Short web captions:
^^^^

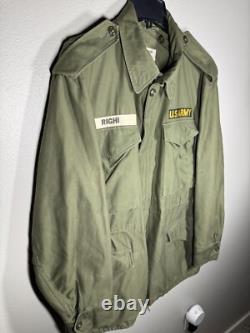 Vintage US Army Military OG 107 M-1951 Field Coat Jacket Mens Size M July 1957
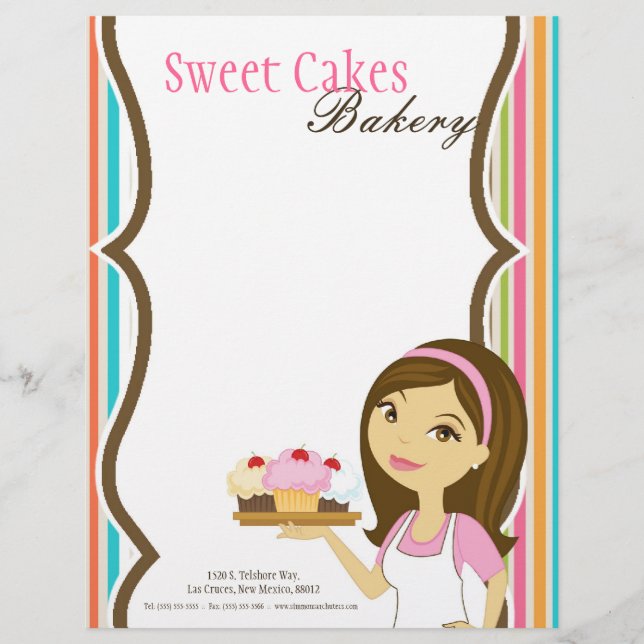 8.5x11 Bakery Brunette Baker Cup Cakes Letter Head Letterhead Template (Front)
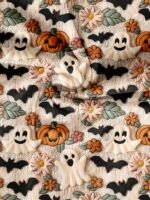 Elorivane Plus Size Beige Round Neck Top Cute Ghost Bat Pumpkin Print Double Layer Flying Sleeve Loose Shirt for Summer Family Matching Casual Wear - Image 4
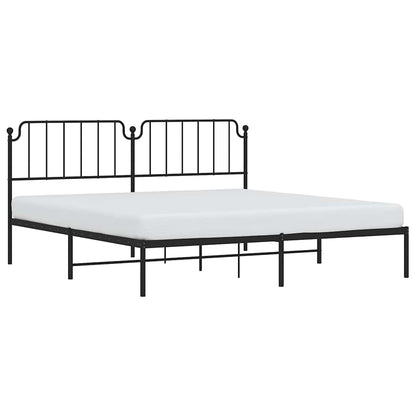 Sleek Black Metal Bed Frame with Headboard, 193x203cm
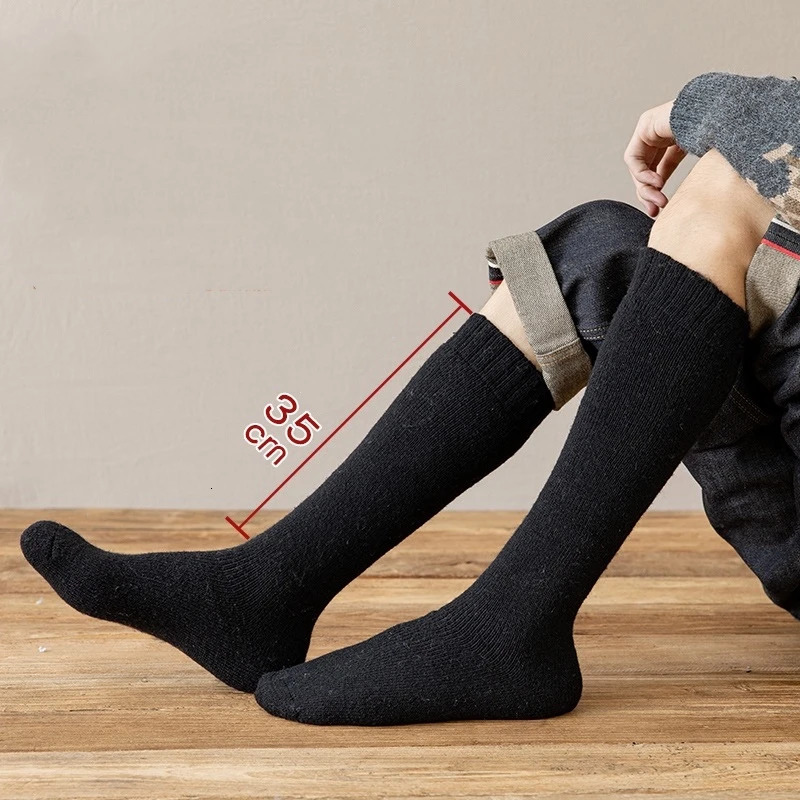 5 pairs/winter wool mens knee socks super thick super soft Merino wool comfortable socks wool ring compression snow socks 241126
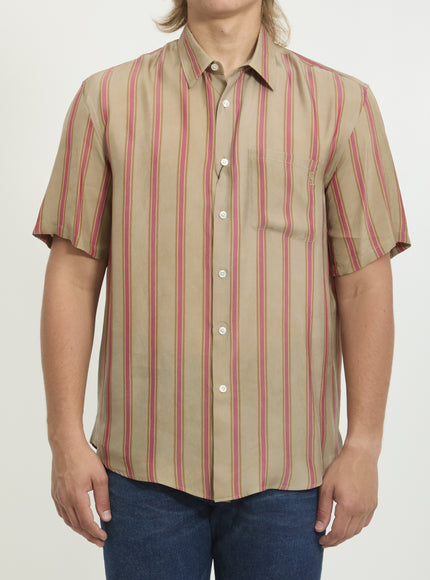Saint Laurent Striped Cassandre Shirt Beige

^^^^

Task directions: Copy the data in full. No pictures belong in the copy.

Task output:
 Vintage US Army Military OG 107 M-1951 Field Coat Jacket Mens Size M July 1957
 8.5x11 Bakery Brunette Baker Cup Cakes Letter Head Letterhead Template (Front)
 Elorivane Plus Size Beige Round Neck Top Cute Ghost Bat Pumpkin Print Double Layer Flying Sleeve Loose Shirt for Summer Family Matching Casual Wear - Image 4
 Sleek Black Metal Bed Frame with Headboard, 193x203cm
 5 pairs/winter wool mens knee socks super thick super soft Merino wool comfortable socks wool ring compression snow socks 241126
Saint Laurent Striped Cassandre Shirt Beige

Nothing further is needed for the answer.